Lors d’une précédente chronique nous vous relations les méfaits du label BAROC et de l’unes de leurs nouvelles recrues en Doc et Harrington, le portugais Foreign. Conscients du caractère plus que probable d’une récidive, nous vous mettions en garde face au risque, élevé voire certain, de ramasser raclée à l’occasion des prochaines sorties du label – et pour tout vous avouer, on l’attendait de pied ferme, avec l’excitation d’un gosse nouvellement équipé d’une carabine à plombs. Et il semblerait qu’on ne s’y soit pas trompés puisque les casseurs colonais reviennent en ce début d’Automne bien décidés à en découdre avec une nouvelle sortie du producteur allemand Paperwork.
Pour ceux d’entre vous qui ne resitueraient pas le contexte, le catalogue du label, uniquement composé de sorties vinyles, flirte aimablement avec les aspérités d’une Raw House / Techno analogique façonnée aux knuckles et au reel-to-reel. BAROC, comme on aime à vous le répéter, c’est un truc de puriste, un trip DIY confidentiel, une bravade punk confinée à un cercle de dévots frondeurs. Il est temps que cela change et le nouvel EP de Paperwork est à peu près tout ce dont nous avions besoin pour cela.
A l’instar du précédent opus dont nous vous avions vanté les mérites, denses bouffées de thai grasse, de gueules, rêves et phalanges brisées, What Mary Didn’t Know porte lui aussi les séquelles de la mauvaise éducation. Locution hypermétrée, flanquée de jalons percussifs sévères, de kicks déraisonnablement lestés, de hats tranchants, de basslines aux ronflements d’ogre, les crachats et crochets de Paperwork fusent et pleuvent au fil de ces 17 minutes de pure Raw House Leftfield. Drapées d’une saturation analogique omniprésente, les trois tracks promues en ces lignes ne manquent pourtant pas de finesse, ni de soin dans l’exécution. Outre la prégnance des percs propices au dallage de dancefloor façon Walmart désaffecté, la surprise provient ici de la capacité du producteur à incorporer au fracas de lignes 4×4 punitives de prodigieux développements mélodiques.

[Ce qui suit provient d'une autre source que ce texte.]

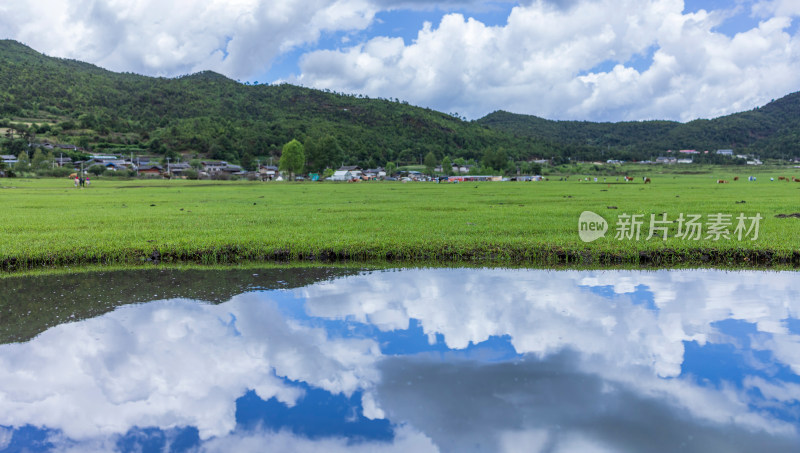 文海丽江风景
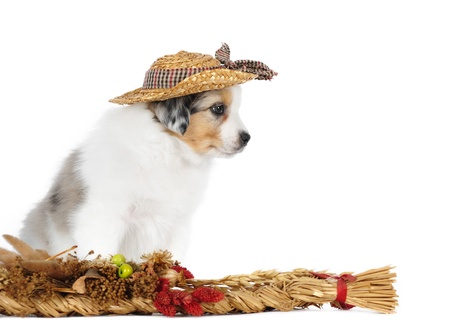 Australian shepherd puppy in studioの写真素材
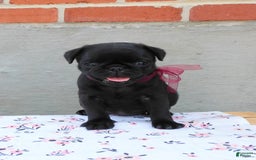 Pug dogs for sale: Pacifica - Image 12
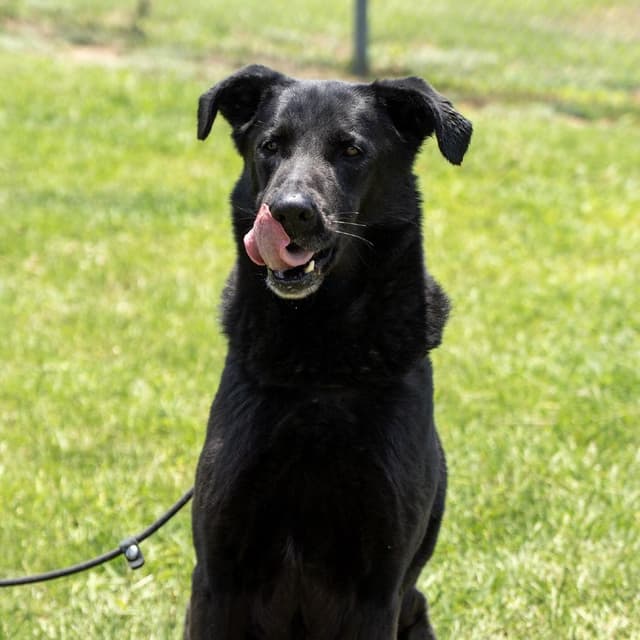 Sirius Black media 5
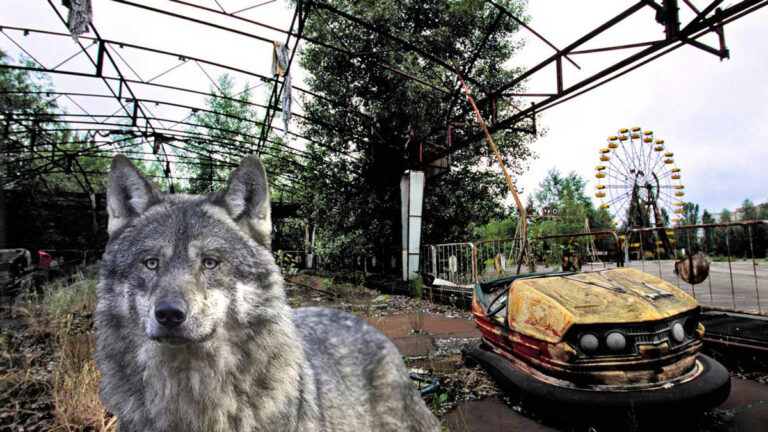 A 38 años del accidente nuclear de Chernóbil, un hallazgo científico pone la lupa sobre lobos mutantes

A cet égard, la première track, Untitled, incarne parfaitement le numéro d’équilibriste auquel va se livrer notre Paperboy préféré pendant toute la durée du EP. Introduite par l’écho d’un angélus tout droit sorti du Malebolge, la track roule au crin et à la sueur d’une ligne de percussion marécageuse, embourbée jusqu’à l’échine, tandis qu’en toile de fond ne cesse de s’élever l’angélus porté par une bassline divine. Goth love under the Croatian pines. L’ambiguïté, aussi ostentatoire soit-elle, ne perd rien de son charme. D’ailleurs, toute aussi fascinante est la chute sous les mortiers de la seconde orpheline, Untitled. Ici encore, les sonorités Raw House, voire Techno, sont poussées jusqu’à la brutalité la plus primaire – non, mais sérieusement écoutez-moi ce clap… –, ceci dans l’unique but de mieux venir nous cueillir à l’encolure lorsque viendra éclore, aux premières lueurs de l’aube aluminium, un incroyable clavier Leftfield aux dentelures concentriques. Quant à la track éponyme, nous vous laisserons le soin d’en savourez le groove glacial, tout aussi délectable, bien que très (trop ?) proche du contenu de la face A.
Toujours entre crasse et sublime, What Mary Didn’t Know fait naître la fascination de cet équilibre précaire, sans cesse ajusté, entre agression percussive et crescendi Leftfield fulgurants. En ce sens, les productions de l’allemand nous rappellent à bien des égards celles d’un autre surdoué du genre, son compatriote Annanan dont nous vous parlions ici. De la même façon, on ne se lasse pas d’encaisser les accès de génie de Paperwork, de l’observer épancher bile et louanges, sculpter l’obscurité à 33 tours et 45 tours par minutes avec tant de facilité. Les connaisseurs guettent déjà la sortie chez Kristina, quant aux néophytes, nous les invitons à en faire de même. Les copies sont peu nombreuses et les loups affamés, bref, vous connaissez le tarif.